___ MATERIAL FOR THIS EXERCISE ___

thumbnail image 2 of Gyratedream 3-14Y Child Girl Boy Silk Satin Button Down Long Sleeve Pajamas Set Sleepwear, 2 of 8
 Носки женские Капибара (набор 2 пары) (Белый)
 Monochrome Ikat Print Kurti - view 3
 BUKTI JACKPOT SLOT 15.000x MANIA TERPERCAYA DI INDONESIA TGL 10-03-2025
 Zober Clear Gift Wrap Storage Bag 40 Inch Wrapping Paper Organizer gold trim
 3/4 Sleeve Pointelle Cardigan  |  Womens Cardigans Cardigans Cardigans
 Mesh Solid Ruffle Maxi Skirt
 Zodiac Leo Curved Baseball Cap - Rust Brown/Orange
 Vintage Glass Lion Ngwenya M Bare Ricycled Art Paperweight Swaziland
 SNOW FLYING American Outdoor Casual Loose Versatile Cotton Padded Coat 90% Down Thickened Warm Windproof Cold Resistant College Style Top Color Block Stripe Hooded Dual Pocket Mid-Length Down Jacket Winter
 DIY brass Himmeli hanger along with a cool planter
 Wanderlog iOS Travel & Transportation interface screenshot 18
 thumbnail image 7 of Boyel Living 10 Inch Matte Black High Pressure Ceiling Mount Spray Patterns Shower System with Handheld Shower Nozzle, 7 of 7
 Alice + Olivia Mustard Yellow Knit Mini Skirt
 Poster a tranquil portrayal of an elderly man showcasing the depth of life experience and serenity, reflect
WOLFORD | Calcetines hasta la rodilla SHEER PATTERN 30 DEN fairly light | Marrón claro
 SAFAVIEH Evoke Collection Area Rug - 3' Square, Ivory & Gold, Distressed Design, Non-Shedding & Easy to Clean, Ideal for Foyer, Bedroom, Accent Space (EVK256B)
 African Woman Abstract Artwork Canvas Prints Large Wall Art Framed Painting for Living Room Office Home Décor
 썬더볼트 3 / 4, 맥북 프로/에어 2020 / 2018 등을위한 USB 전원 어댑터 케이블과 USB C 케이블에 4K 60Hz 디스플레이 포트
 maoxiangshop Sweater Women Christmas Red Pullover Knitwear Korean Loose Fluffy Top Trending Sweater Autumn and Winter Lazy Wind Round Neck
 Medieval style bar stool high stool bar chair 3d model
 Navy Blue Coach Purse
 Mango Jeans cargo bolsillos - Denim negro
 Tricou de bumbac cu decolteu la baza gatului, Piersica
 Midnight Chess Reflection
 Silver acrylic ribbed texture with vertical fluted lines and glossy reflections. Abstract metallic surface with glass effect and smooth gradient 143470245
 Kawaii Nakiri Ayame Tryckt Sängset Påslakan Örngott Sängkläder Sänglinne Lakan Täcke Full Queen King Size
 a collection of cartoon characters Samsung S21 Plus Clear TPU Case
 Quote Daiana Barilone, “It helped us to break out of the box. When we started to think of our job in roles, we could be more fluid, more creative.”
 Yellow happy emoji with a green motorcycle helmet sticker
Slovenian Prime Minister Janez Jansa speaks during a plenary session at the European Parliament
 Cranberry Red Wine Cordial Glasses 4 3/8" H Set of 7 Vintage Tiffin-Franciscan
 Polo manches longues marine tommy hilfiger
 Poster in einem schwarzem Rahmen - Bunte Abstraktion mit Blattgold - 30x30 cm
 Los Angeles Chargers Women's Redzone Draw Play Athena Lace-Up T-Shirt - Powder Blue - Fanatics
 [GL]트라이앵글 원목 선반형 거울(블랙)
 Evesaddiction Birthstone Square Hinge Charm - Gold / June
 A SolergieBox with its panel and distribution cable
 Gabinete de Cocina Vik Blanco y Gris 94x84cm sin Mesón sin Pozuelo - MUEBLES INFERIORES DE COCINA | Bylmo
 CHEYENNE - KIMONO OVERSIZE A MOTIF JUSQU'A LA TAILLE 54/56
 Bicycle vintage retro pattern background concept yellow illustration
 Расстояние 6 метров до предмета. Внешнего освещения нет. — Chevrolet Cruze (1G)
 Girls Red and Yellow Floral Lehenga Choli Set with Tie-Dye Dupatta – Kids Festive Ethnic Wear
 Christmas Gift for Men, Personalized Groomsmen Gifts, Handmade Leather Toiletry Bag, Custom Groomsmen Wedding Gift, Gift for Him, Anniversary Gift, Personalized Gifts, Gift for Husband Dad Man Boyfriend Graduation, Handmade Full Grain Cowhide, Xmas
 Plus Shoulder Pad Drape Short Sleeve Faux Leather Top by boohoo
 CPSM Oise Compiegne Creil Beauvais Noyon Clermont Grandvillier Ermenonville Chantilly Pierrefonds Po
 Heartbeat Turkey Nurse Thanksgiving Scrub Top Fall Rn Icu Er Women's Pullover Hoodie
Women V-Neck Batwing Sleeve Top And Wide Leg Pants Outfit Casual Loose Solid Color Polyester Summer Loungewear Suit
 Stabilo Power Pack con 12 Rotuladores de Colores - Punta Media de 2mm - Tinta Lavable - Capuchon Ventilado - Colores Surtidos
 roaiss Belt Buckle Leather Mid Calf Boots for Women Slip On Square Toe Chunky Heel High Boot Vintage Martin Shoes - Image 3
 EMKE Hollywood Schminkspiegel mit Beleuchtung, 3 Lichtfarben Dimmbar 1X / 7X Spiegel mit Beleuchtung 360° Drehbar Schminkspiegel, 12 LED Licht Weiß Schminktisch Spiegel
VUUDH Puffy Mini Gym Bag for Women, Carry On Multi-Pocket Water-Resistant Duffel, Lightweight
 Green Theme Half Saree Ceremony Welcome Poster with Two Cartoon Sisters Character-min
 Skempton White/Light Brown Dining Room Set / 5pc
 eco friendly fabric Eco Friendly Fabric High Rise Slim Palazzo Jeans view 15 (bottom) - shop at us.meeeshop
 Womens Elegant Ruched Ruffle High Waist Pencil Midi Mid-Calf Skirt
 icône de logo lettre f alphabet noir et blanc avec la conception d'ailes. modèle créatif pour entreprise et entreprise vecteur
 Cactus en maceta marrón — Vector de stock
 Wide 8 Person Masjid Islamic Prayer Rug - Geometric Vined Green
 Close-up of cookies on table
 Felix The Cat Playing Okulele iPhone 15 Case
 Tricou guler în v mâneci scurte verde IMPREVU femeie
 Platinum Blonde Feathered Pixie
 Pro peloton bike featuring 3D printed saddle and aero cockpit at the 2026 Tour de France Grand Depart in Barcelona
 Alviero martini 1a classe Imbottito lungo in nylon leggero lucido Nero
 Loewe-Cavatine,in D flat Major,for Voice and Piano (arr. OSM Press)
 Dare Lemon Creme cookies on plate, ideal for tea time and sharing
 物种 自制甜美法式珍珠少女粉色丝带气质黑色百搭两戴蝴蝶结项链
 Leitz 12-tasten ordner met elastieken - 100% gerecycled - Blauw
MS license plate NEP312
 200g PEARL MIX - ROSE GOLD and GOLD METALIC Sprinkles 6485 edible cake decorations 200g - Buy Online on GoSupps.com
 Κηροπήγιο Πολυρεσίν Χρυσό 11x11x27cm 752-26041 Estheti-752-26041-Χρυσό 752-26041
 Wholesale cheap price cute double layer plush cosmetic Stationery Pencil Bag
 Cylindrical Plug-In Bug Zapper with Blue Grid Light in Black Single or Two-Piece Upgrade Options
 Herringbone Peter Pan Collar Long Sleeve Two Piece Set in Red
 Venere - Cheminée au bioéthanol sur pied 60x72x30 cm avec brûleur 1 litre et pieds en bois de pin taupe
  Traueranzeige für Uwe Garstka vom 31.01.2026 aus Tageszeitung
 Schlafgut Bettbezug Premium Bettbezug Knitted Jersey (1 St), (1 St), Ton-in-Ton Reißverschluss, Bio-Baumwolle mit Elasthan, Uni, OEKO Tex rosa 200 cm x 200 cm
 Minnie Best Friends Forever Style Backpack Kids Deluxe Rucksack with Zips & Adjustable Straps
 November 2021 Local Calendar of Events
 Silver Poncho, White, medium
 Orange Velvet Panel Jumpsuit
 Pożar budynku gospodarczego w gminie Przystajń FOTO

___

_EXERCISE REQUIREMENTS:_ Look for the string "Ruffle" in the data above and return every line that has it.

_RESULT BELOW:_
 Mesh Solid Ruffle Maxi Skirt
 Womens Elegant Ruched Ruffle High Waist Pencil Midi Mid-Calf Skirt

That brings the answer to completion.